Trying to drop the emotional haze from our minds let us consider whether this meta-data filesystem really deserves to be integrated into the kernel. Firstly, I would point out that many linux installations will not want the extra overhead from supporting this sizeably expanded file interface. Servers, and databases certainly do not want the extra overhead of running meta-data databasese or even special meta-data caching. Furthermore it is far from clear that even on desktop machines we even want every file to be part of this meta-data system. Perhaps only documents and user files should show up/be accesable from this nifty database FS feature. After all when they search for documents modified in the last 5 days we don't want a bunch of log files showing up. Furthermore, it is quite unclear if there is really any performance issue which would benefit from including in the kernel.

I think the best solution is a comprimise. The default filesystem would stay hierarchy based (Ext3 perhaps) and in addition to a swap partition you would have a meta-data partition with it's own Meta-FS. Now a new optional interface for Meta-FS could be designed without concern for unix compatibility since all everything can still be accessed through the default filesystem (meta-FS returns a path to the file on the real FS....or inode if we need speed).

In fact this argueably has performance *advantages*. This lets us place the meta-data on a seperate harddrive which can be optimized for short reads and seeks while the main filesystem is optimized for data transfer (since things like ls can be done entierly by lookups on the Meta-FS).

I think you dont get it...

Anonymous
on
September 8, 2004 - 3:43am

ReiserFS is not, like winFS, a database on top of a filesystem (eg you can't put the meta-data on a seperate drive). the revolutionary part is that it IS a database. the files are stored in the database, without performance loss compared to non-database filesystems. So there is NO extra overhead (ReiserFS4 is mostly faster than other filesystems, actually). so no meta-data database, no caching of meta-data - because meta-data doesnt exist. all data is treated the same, thats the point of ReiserFS4.

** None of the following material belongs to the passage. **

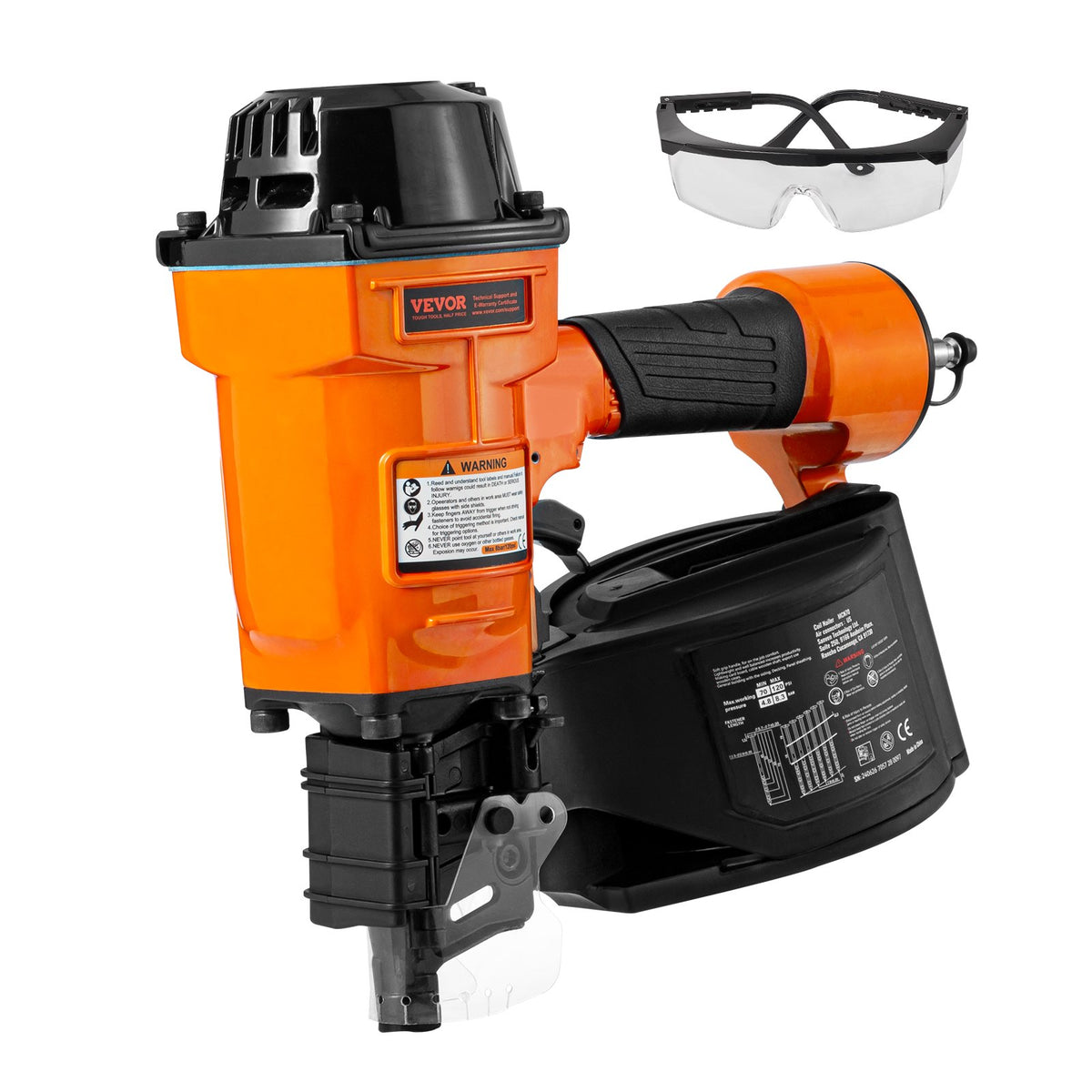 MCN70 Coil Siding Nailer 45-70mm 15° Pneumatic Nail Gun 70-120PSI for Framing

maybe this is a over-simplification, but its closer to the what RFS4 is than what you seem to think about it ;-)

I get it

on
September 8, 2004 - 1:13pm

Perhaps my comment was unclear. I understand that RFS4 is not built on top and is integrated into the filesystem itself. This is my OBJECTION to RFS4.

This keyword filesystem concept is only really usefull for the end user at the document. Servers, kernels and other system level tools have no *need* for these advanced features. RFS4 is implemented at a system level meaning it has less performance issues than something like WinFS (probably) but it still adds more features and hence will likely be slower than a filesystem tuned just to provide a hierarchiacal system. Likely even modifying the kernel to present an interface less optimized for the simple hierarchy/directory structure which best suits the core system.

Since we really only need, or even want these extra features at the user level, i.e. when they are searching for their documents we don't need or want our binary paths or similar things working on this system, why should we put this change at the system level. In other words I'm saying that we should take a performance hit WHERE IT DOESN'T matter in the user space interface (KDE, gnome storage etc..). This is going to be a relativly rare and hardly requires the slight performance boost given by integrating this system into the kernel. We thus avoid taking a performance hit where it *does* matter, in the kernel which now screws over server operators etc.. etc..

Servers, kernels and other sy

Anonymous (not verified)
on
September 13, 2005 - 2:11pm

Servers, kernels and other system level tools have no *need* for these advanced features

So, are you saying that the criteria for integration includes:

Servers, Kernels and other System Level Tools must currently *need* the functionality before it will be considered?

Is this based on the assumption that Servers, Kernels and other System Level Tools will -never- need this functionality? Is it based on the philosophy that proactive inclusion is always a bad thing?